"The cats eat bread."

Translation:Os gatos comem pão.

March 14, 2013



Same here, no matter the choice (os gatos or as gatas) it comes with an error

September 4, 2013


Hi...if you read the question ..it asks to select ALL answers ..meaning more than one

June 27, 2017


In the "Mark all that apply" section, one answer is in the present progressive, a tense I haven't learned on here yet. Why did this appear? And why was I faulted for it?

March 14, 2013


maybe a foreseen of will be considered later. It might be easier 4 u to learn when u get to that point. This sentence is simple present, not continuous, so this is the why it was marked wrong.

March 14, 2013


This one repeatedly gives an error. It doesn't matter if I should Os gatos... or As gatas... both come in as incorrect.

August 25, 2013


If you are presented with both options, both should be marked as they're both correct. The instructions are mark ALL the correct answers, after all

February 28, 2015


For me it has to be gatas, even though either way would be correct.

August 27, 2013


What about if I wanted to say the cats eat bread, but not all the cats were the same gender. Is as gatas referring to the fact that the cats are all female cats or is it just the way of saying the cats, doesn't matter the gender but the article and the subject just have to agree. Is that it?

February 17, 2014


When the group is all female, use it in the feminine form. And if it is all male, use in the masculine form. Now, if you have female+male, also use the masculine form. Os gatos = all male cats or male+female cats.

February 17, 2014


Are Os and As used for plural nouns?

March 6, 2016


Yes. "Os" is used for masculine, plural nouns, and "As" is used for feminine, plural nouns. They both mean "The".

March 6, 2016


So I asked one of my Brazilian friends about this gato/gata thing, and she told me that you would always use 'gato' to talk about a cat, even if you know it is a female cat. (According to her 'gata' is a "nice" - i.e. not creepy/sexist - word for a woman you think is attractive - but you wouldn't use it to talk about an actual cat)

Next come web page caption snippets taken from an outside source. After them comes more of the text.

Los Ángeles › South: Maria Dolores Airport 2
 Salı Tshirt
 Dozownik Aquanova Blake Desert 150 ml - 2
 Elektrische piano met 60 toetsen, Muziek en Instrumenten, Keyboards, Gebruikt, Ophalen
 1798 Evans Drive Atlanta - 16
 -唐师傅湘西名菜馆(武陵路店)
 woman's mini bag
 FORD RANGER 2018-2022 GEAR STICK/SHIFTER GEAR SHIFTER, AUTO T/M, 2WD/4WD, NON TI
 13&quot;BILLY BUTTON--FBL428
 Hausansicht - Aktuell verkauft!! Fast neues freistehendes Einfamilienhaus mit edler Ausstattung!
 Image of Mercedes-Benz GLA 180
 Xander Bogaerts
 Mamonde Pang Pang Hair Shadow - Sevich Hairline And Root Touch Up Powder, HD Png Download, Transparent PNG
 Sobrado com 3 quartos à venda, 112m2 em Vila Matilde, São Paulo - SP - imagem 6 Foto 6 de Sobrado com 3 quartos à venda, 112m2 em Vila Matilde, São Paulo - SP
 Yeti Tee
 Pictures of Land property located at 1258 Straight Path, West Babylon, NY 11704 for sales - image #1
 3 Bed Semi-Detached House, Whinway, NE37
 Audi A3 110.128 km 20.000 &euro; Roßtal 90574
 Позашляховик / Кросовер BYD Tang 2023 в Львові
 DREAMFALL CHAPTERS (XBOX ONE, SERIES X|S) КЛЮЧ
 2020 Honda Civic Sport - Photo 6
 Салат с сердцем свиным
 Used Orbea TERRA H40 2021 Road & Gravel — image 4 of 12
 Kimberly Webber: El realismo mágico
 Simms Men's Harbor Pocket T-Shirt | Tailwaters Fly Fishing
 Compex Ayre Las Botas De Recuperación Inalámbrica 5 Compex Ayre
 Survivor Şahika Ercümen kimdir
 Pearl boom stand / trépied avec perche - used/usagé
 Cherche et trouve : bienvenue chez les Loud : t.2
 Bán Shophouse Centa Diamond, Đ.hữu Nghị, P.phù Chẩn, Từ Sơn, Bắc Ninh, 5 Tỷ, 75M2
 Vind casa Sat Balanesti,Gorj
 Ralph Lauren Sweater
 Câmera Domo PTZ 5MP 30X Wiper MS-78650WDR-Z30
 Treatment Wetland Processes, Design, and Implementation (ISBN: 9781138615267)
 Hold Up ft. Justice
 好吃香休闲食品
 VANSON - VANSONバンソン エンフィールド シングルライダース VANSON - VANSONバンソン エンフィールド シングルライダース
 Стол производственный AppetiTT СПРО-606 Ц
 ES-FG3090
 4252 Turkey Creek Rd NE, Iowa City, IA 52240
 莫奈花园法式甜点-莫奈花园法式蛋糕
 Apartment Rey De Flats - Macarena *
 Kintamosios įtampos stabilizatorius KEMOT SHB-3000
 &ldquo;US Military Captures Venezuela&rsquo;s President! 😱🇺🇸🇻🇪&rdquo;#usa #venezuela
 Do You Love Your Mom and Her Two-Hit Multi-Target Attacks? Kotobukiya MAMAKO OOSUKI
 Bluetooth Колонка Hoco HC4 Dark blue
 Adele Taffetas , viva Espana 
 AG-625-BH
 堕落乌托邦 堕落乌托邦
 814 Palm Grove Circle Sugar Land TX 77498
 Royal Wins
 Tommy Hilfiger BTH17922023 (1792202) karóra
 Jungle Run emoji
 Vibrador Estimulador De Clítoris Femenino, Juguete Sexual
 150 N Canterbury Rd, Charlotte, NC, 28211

Obviously duolingo doesn't agree with this. Is duo right or is my friend right? Or is it some kind of regional thing and 'gata' can be used (to talk about cats not people) in some parts of Brazil/elsewhere in the Portuguese speaking world but not in others? (My friend is from São Paulo)

July 13, 2016


Well, everything taken as a general group is referred to in the masculine gender.

  • Os cachorros estão correndo (here, we do not know whether they are all male dogs).

However, if you know it is a female cat, then you will use "gata".